● WHAT IS NEEDED
Word for word, restate the records from their first line through the line with "Mazda 3 1.6 Автомат", both ends included; omit each picture.

● WORKING DATA

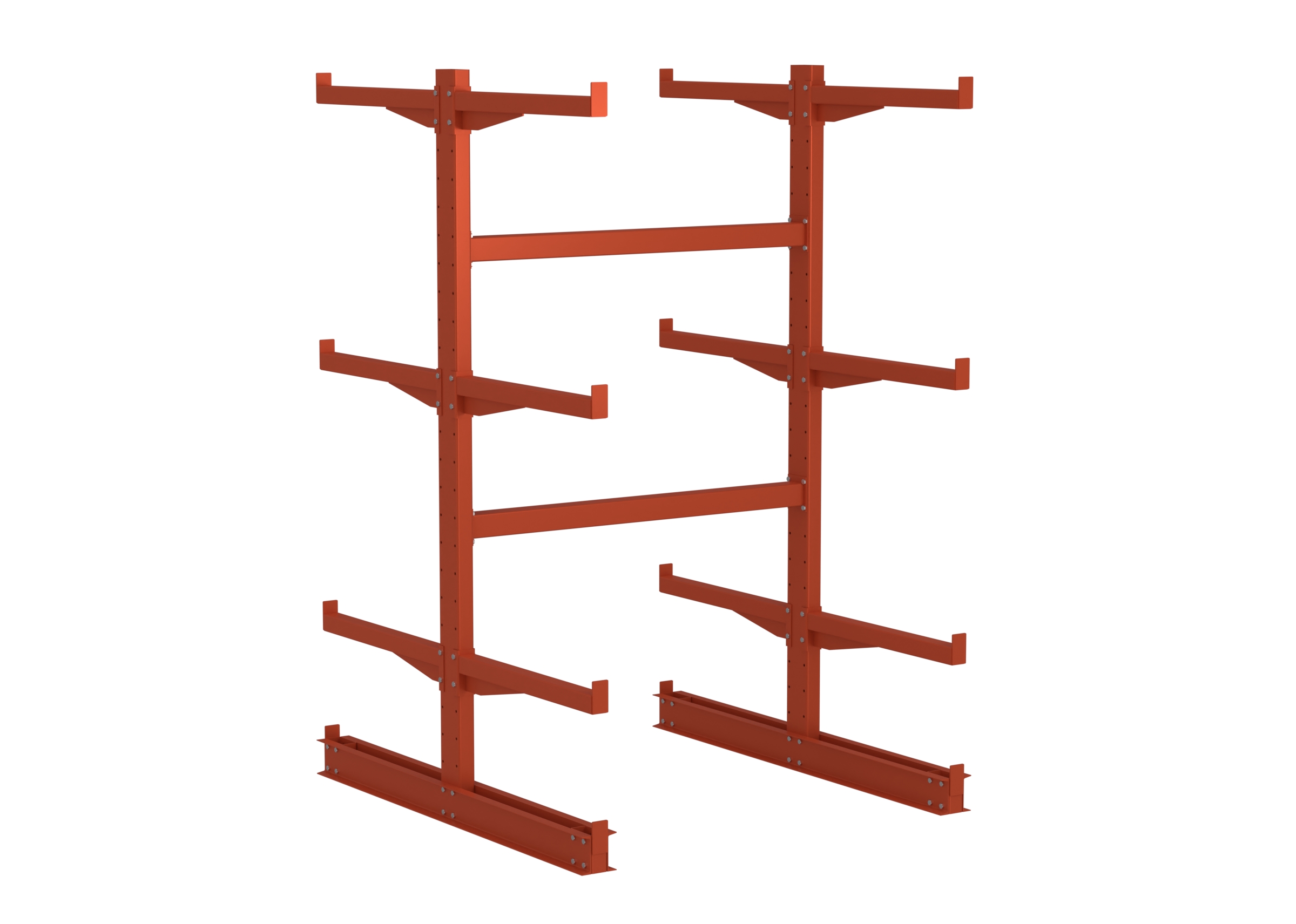 Cantilever Rack 2 catalog preview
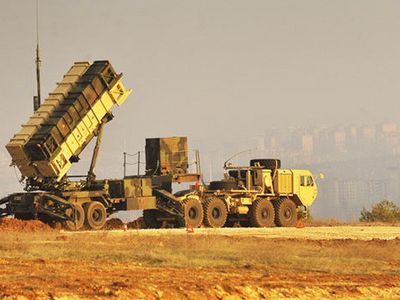ABD, Orta Doğu'daki Asker Sayısını Azaltıyor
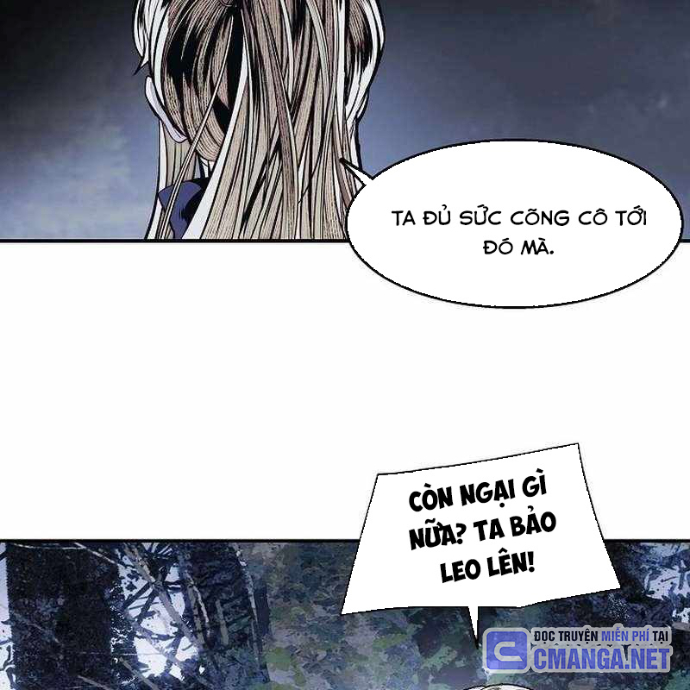Bất Bại Chân Ma Chapter 253 - Trang 3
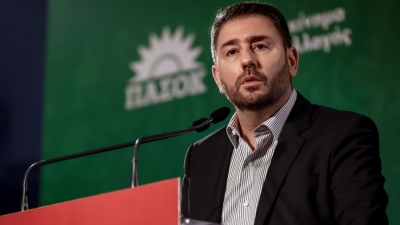 Ανδρουλάκης (ΠΑΣΟΚ - ΚΙΝΑΛ): Να γίνει εξεταστική για την παρακολούθησή μου - Ξεκινά εισαγγελική έρευνα για τις διαρροές
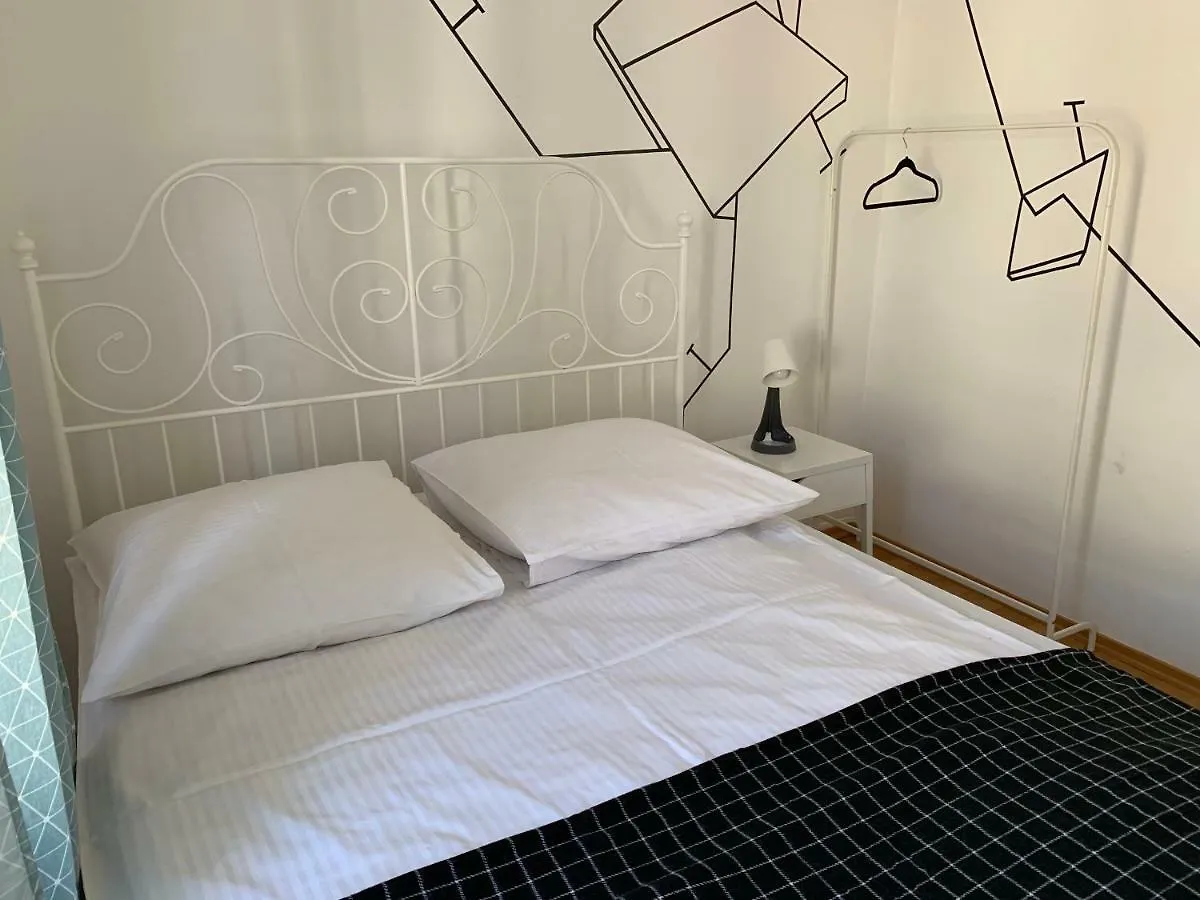 Apartment Wawel Suites Krakow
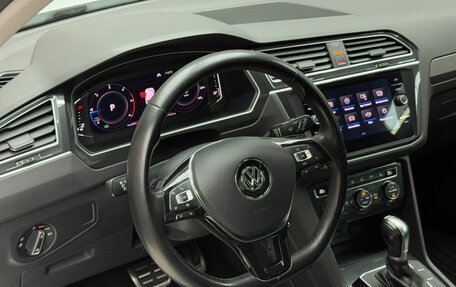 Volkswagen Tiguan II, 2019 год, 2 899 000 рублей, 10 фотография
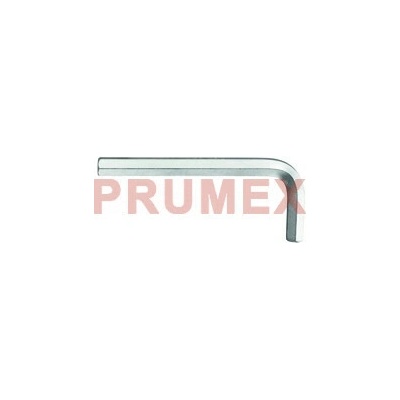 Narex Professional Klíč zástrčný šestihranný 6 x 96 mm 443000806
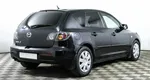 Mazda 3 1.6 Автомат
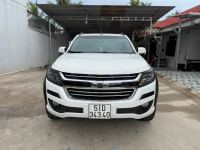 Chevrolet Colorado 2018 - ảnh 1
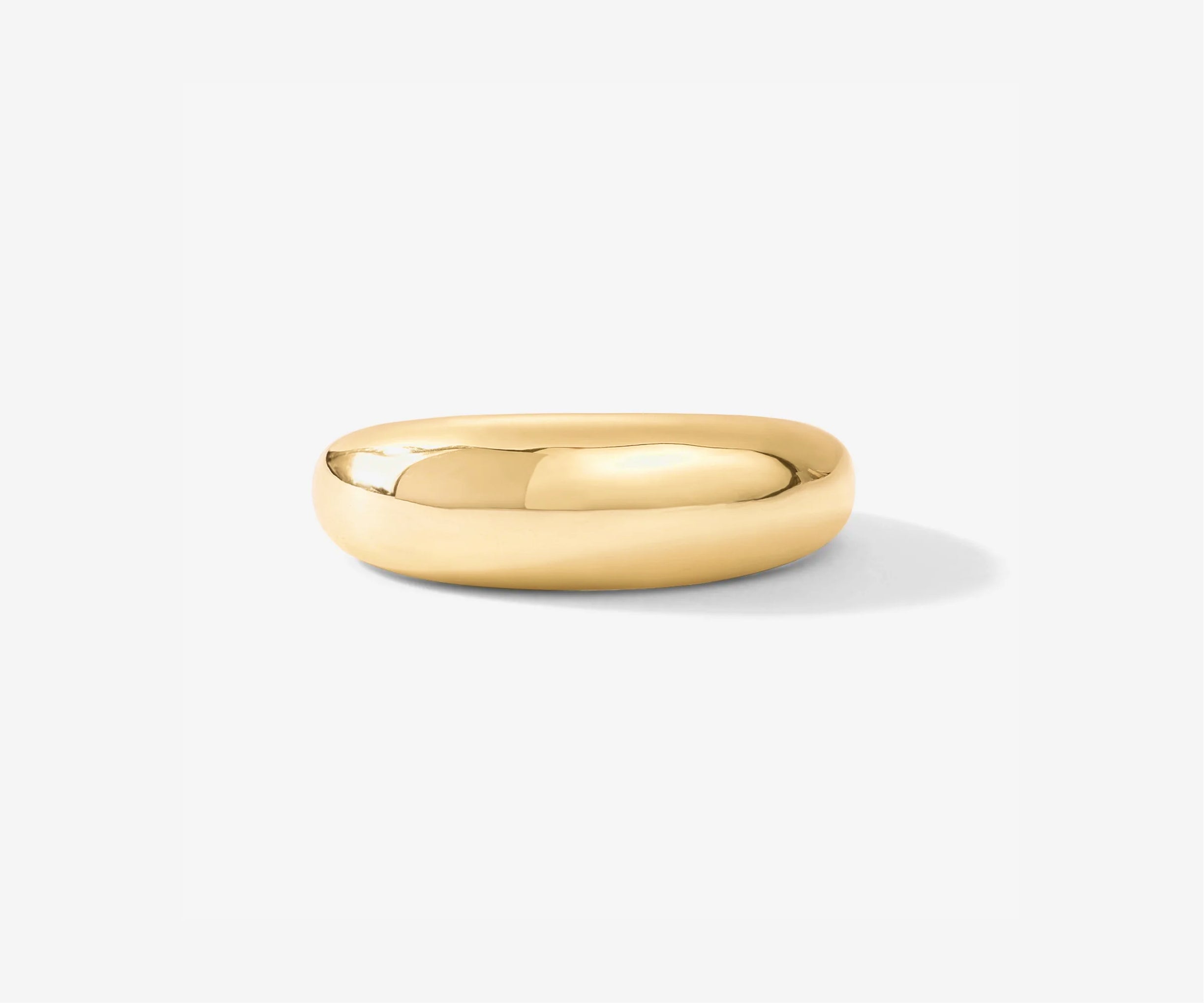 Dome Ring - The Essential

● TASK RESULT
 Cantilever Rack 2 catalog preview
ABD, Orta Doğu'daki Asker Sayısını Azaltıyor
Bất Bại Chân Ma Chapter 253 - Trang 3
 Ανδρουλάκης (ΠΑΣΟΚ - ΚΙΝΑΛ): Να γίνει εξεταστική για την παρακολούθησή μου - Ξεκινά εισαγγελική έρευνα για τις διαρροές
 Apartment Wawel Suites Krakow
 Volkswagen Tiguan II, 2019 год, 2 899 000 рублей, 10 фотография
 Narex Professional Klíč zástrčný šestihranný 6 x 96 mm 443000806
 Mazda 3 1.6 Автомат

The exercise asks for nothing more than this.